California: One of these counties is not like the others.
The big story with COVID-19 the past few weeks has been, of course, the out-of-control increase in new cases (if not actual deaths...yet) from the virus in red states like Texas, Florida and especially Arizona which were relatively unscathed throughout the spring while the pandemic was raging across Northeastern blue states like New York, New Jersey and Rhode Island, as well as Michigan and California.
While most of the states being hit with the summer wave are historically Republican strongholds (the states being hit hardest in June/July also include Georgia, Arkansas, South Carolina, etc.), there's one important exception to this: California, which was hit early but which clamped down fairly quickly, has re-emerged as a major hot spot. So what gives?
Well, California is a big state, of course (both population-wise and geographically), so I decided to take a look at the county-level rate of growth per capita. 58 counties makes for a nearly unreadable chart (see my 50-state weekly updates), so I decided to go with just 12: The 12 California counties with more than 5,000 confirmed cases of COVID-19 as of July 8th. These 12 counties also include over 83% of all California cases, so I'm not too concerned about the other 46 at the moment.
The graph below follows the growth of COVID-19 across all 12 of these counties since March 20th per 1,000 residents. The total county populations range from as low as 181,000 (Imperial) to as high as over 10 million (Los Angeles County). As you can see, one county in particular sticks out:
OK, so what's going on in Imperial County, California? Well, here's a map of California with all 12 counties marked. Five of them are in central CA, the other 7 are in the southern third of the state. And Imperial County is right at the very bottom (next to San Diego...except that San Diego is actually the third from the bottom on the per capita graph above):
Now let's zoom the map out a bit to see what's next to Imperial County outside the state:
Oh. Riverside and San Bernadino Counties also border Arizona, but you still get the point. Viruses don't know what a border is.
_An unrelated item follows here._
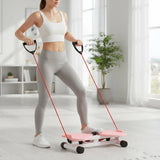Waist Twist Board with Foot Massage & 2 Resistance Bands – Silent Twisting Disc for Core Exercise, Pink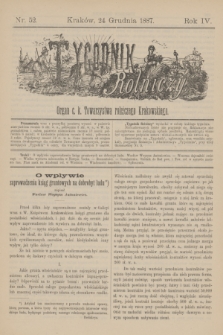 Tygodnik Rolniczy : Organ c. k. Towarzystwa rolniczego Krakowskiego. R.4, nr 52 (24 grudnia 1887)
Of course, there's a second border as well...and as noted in this June 22nd article (h/t to Kurt Squire via Twitter for the link), there's a whole other problem here as well:
From El Centro Regional Medical Center, the largest hospital in California’s Imperial County, it takes just 30 minutes to drive to Mexicali, the capital of the Mexican state of Baja California. The international boundary that separates Mexicali from Imperial County is a bridge between nations. Every day, thousands of people cross that border for work or school. An estimated 275,000 US citizens and green card holders live in Baja California. El Centro Regional Medical Center has 60 employees who reside in Mexicali and commute across the border, CEO Adolphe Edward told Julie Small of KQED.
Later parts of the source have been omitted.